Investors in overseas projects are allowed to transfer abroad an amount of foreign currencies not more than 5 percent of their total capital contribution to the venture, and not more than 300,000 USD, as payment for activities relating to their projects before getting investment licenses from foreign local authorities.

According to a decree on investment overseas recently issued by the government, investors are able to transfer abroad foreign currencies, goods and machinery to meet expenses for their investment projects such as market and field surveys, international biddings, deposit or other financial guarantees, as well as asset purchase or hiring. The process must be in accordance with regulations governing foreign currency, export, customs and technology.

Projects abroad using State capital must abide by the Law on Investment of State Capital in Enterprises.

The decree also requires documents validating the site of projects for overseas investment in the fields of energy; agro-forestry-fisheries farming, exploitation and processing; mineral survey, exploration, exploitation and processing; manufacturing, processing and engineering; real estate and infrastructure.
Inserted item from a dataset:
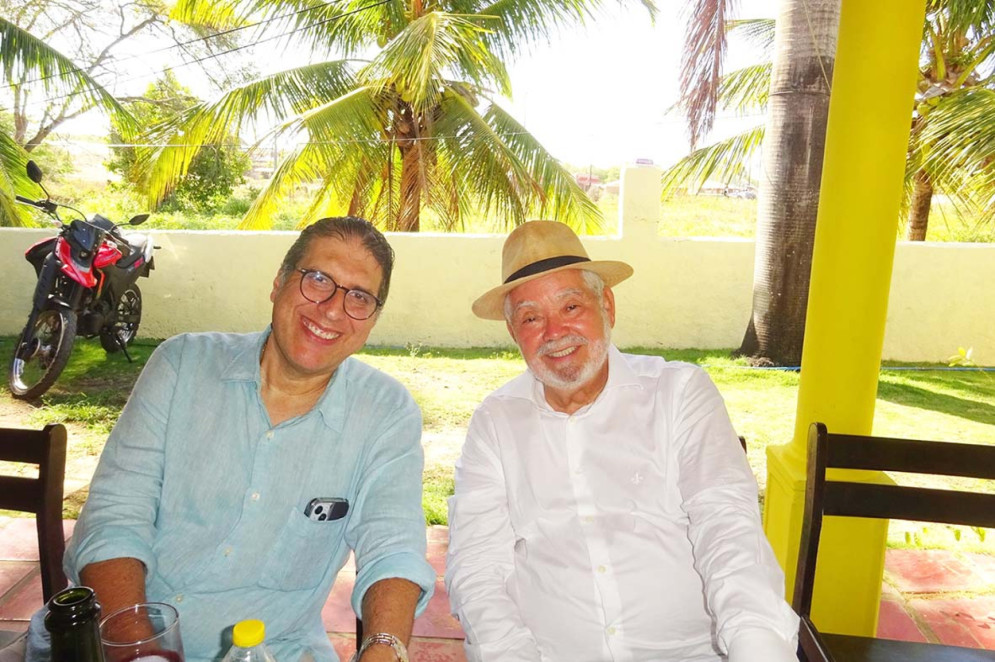 o&atilde;o Jorge Santos, que representou o pai, e procurador Luiz Eduardo Santos, que estreou, no magn&iacute;fico confra da Unidos do Natal (Foto: acervo pessoal)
Documents validating the site of projects can be one of the followings: investment licences granted by host countries which specify the location and the acreage of land of the projects; land lease or land use certificates; land lease contracts or business contracts specifying the location and the acreage of the land; or agreements on land transfer and lease, and business cooperative agreements with authorized parties in host countries.

As of the end of April this year, Vietnam had 962 investment projects abroad worth 15 billion USD, mostly in the fields of mining and agro-forestry-fisheries, reported the Foreign Investment Agency under the Ministry of Planning and Investment.

Its largest markets are neighbours Laos and Cambodia, accounting for respective shares of 27 percent and 20 percent of the total investment made abroad.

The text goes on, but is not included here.